Akılsızlaştırılan toplumlarda uzlaşmaz karşıtlıkları ve nefretleri sürdürmek, ne yazık ki, büyük bir kahramanlık gibi görülebiliyor. Bu durumun, ilgili toplumları, varoluşsal karanlıklara sürüklemekte olduğu düşünülemiyor. İslam toplumlarında, düşünce/kültür/edebiyat/ilahiyat hayatı, eleştirel bağlılıkların ve eleştirel sadakatlerin nasıl yok edildiğini konuşmaya/tartışmaya asla cesaret edemiyor, bu konuda sosyolojik ve tarihsel sorgulamalar yapamıyor, eleştirel olmayan bağlılıkların ve sadakatlerin gerek din’i hayatta, gerekse politik hayatta çok bayağı putperestliklere neden olduğunu itiraf etmek istemiyor.
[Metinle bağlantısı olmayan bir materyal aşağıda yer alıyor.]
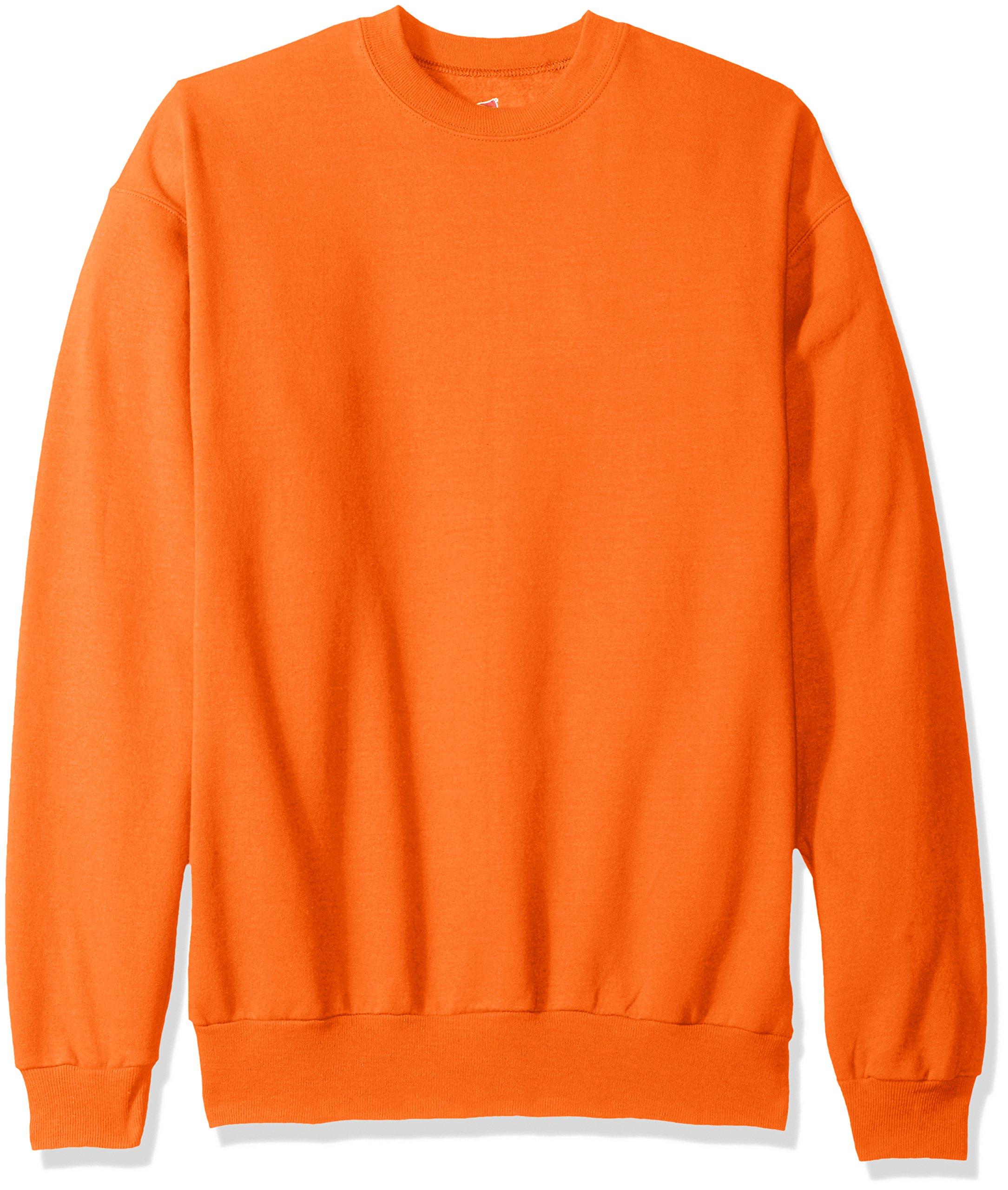 Hanes Ecosmart Fleece Sweatshirt in Orange for Men - Save 23% - Lyst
Eleştirel olmayan bağlılıkların, sadakatlerin hâkim olduğu toplumlarda, ilahi hakikatin ifadesi olabilecek bağımsız eleştirel özne’ler kesinlikle yetişmiyor, yetiştirilemiyor, ancak, kullanışlı trol ve aparatçik sürüleri yetiştirilebiliyor. Eleştirel olmayan bağlılıklar ve sadakatler İslam toplumlarında, konformist yanılsamaları ve patolojileri kutsallaştırıyor; milliyetçi patolojiler, mezhepçi patolojiler ve kolaycı romantik tahayyüller sebebiyle, İslami düşünce/kültür/edebiyat/ilahiyat hayatı, uluslarüstü İslami bir dayanışmanın imkanlarını gündemine alamıyor. Edilgenlik ve tekdüzelikle malûl bir zihniyet/yaklaşım ve kültür bir imkânsızlık durumunu yansıtıyor.
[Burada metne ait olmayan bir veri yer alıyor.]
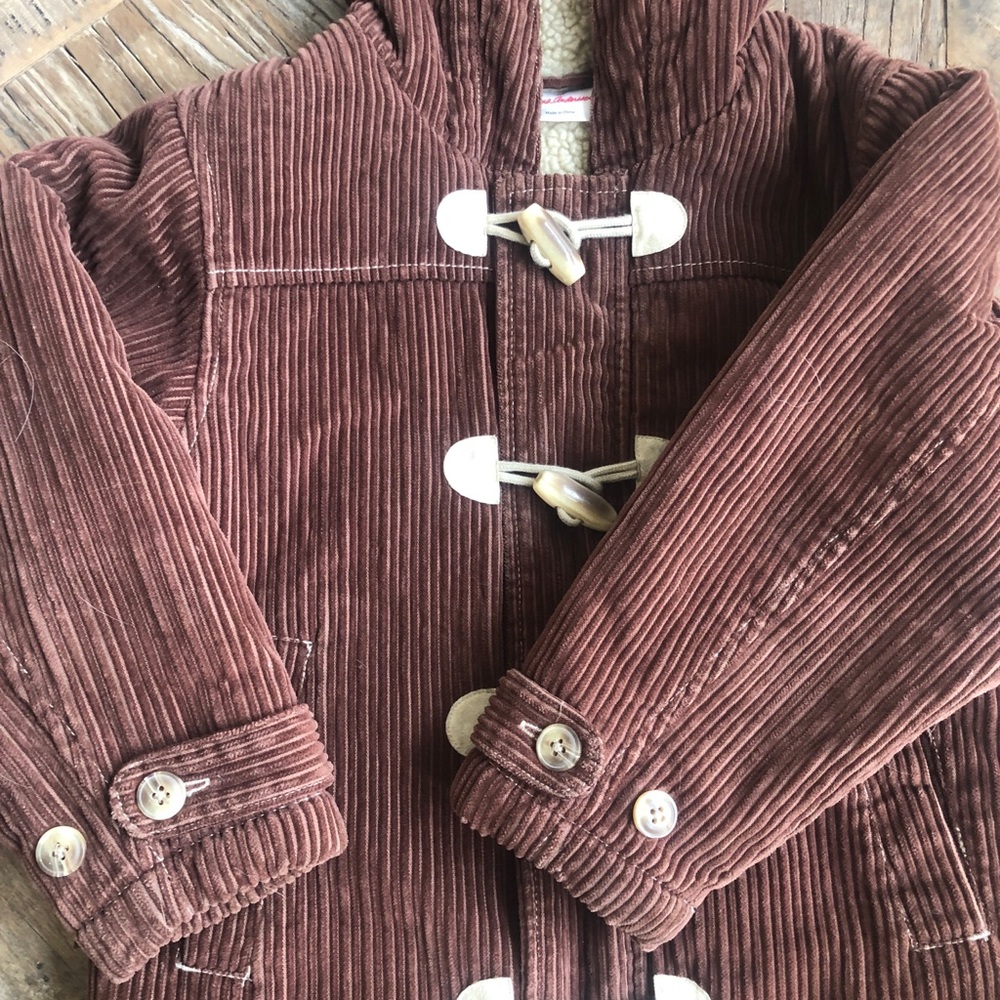 Hanna Anderson Corduroy Toggle Coat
İslami varoluşsal önceliklerin, ilkelerin, ontolojik önceliklerin ve ilkelerin yerini; devletperestliğin, etnikperestliğin, mezhepperestliğin ve putperestliğin aldığı toplumlarda, kendilerini hala İslam’a nisbet eden, nisbet etmeye devam eden aydınların, ilahiyatçıların vb., bir topluma etnik, dilsel, dinsel veya ideolojik açıdan homojenliği dayatan bir zihniyetin, bu yolla açıkça faşizmi dayattığını görmeleri/anlamaları gerekir. İslam toplumlarında İslami aidiyetin yerini etnik ya da folklorik aidiyet biçimlerinin almış olması sebebiyle, nihai lümpenlikler ve nihai bayağılıklar sıradanlaşıyor, bu sıradanlaşmalar sebebiyle, varoluşsal-evrensel insanlık sorunlarını konuşan kadrolar ortaya çıkmıyor.
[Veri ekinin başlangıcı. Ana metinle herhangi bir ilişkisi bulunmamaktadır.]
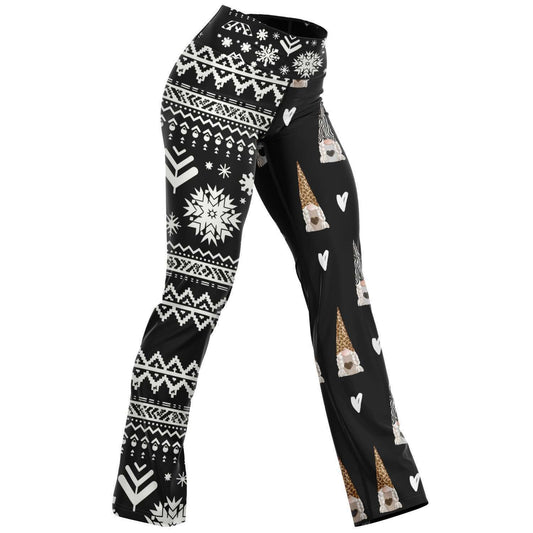 Gnome For The Holidays Flare Leggings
Nihai lümpenlikleri ve bayağılıkları içselleştiren İslam toplumları-kültürleri İslami evrenselliğe yabancılaştıkları, bu evrenselliği temsil edebilecek evrensel zihinlere sahip olmadıkları için, bütün anlam/ahlak/değer sistemlerini değersizleştiren liberal evrenselliğin etki-meşruiyet alanı içerisine girdiler. İslam toplumlarında liberal evrenselciliğin otoritesi ile hesaplaşabilecek bir düşünce-kültür-felsefe ortamı-iklimi oluşturulamadığı için, fuhşiyat ve münkerat kültürü ile ancak yasaklar koymak suretiyle mücadele ediliyor. Statükonun, konformist kültürün, konformist din algısının, vazgeçilmez bir parçası haline gelen bir zihin-ruh dünyası hiçbir şekilde özgürleşemiyor, özgürleşemediği için de, muhafazakar-sağcı-milliyetçi-popülist-oportünist politik hareketlerin-yapıların-iktidarların tahakkümü altına giriyor.
Evrensel Müslüman zihnin, yerli-milli-sağcı-muhafazakâr bir zihin dünyasına kapatılması, duygusal sömürgeciliğe, hamaset sömürgeciliğine, şanlı tarih sömürgeciliğine açık toplumlar oluşturuyor. Duygusal sömürgeciliğe, hamaset sömürgeciliğine açık, politik popülist propaganda etkinliklerine açık toplumlarda yaşayan sömürgeleştirilebilir zihinler, Allah’ın (c.c.), Peygamberin (s.a.v.) ve aziz İslamın kendi kabilelerinin, kendi hiziplerinin-partilerinin-iktidarlarının çıkarlarının hizmetinde olduğuna inanıyor. Bu tür toplumlarda bütün aidiyetler sahte ve konjonktürel aidiyetlere, çıkarlara bağlı, çıkarlarla sınırlı aidiyetlere dönüşüyor. Günümüz İslam toplumlarında evrensel İslami bilince, ufka yabancılaşan, her tür dini ya da politik istismara elverişli konformist-sağcı-milliyetçi kitleler, edilgen ve iradesiz kitleler, “muhafazakâr” kesimler olarak adlandırılıyor. Akılsız ve düşüncesiz bağlılık ve sadakatleri, bir ibadet sayan muhafazakâr kitleler, kendi hayatlarını kontrol edemiyor, anlamlı kılamıyor. Geçmişin patolojileriyle malûl hale getirilen bu kitleler için “anlam”lı tek şey dini ya da politik iktidara kayıtsız-şartsız itaat’ten ibarettir. Kayıtsız şartsız itaat’in, ibadet sayıldığı toplumlarda, eleştirel kamusal müdahale bilincine-iradesine sahip eleştirel-entelektüel kadrolara hayat hakkı tanınmıyor.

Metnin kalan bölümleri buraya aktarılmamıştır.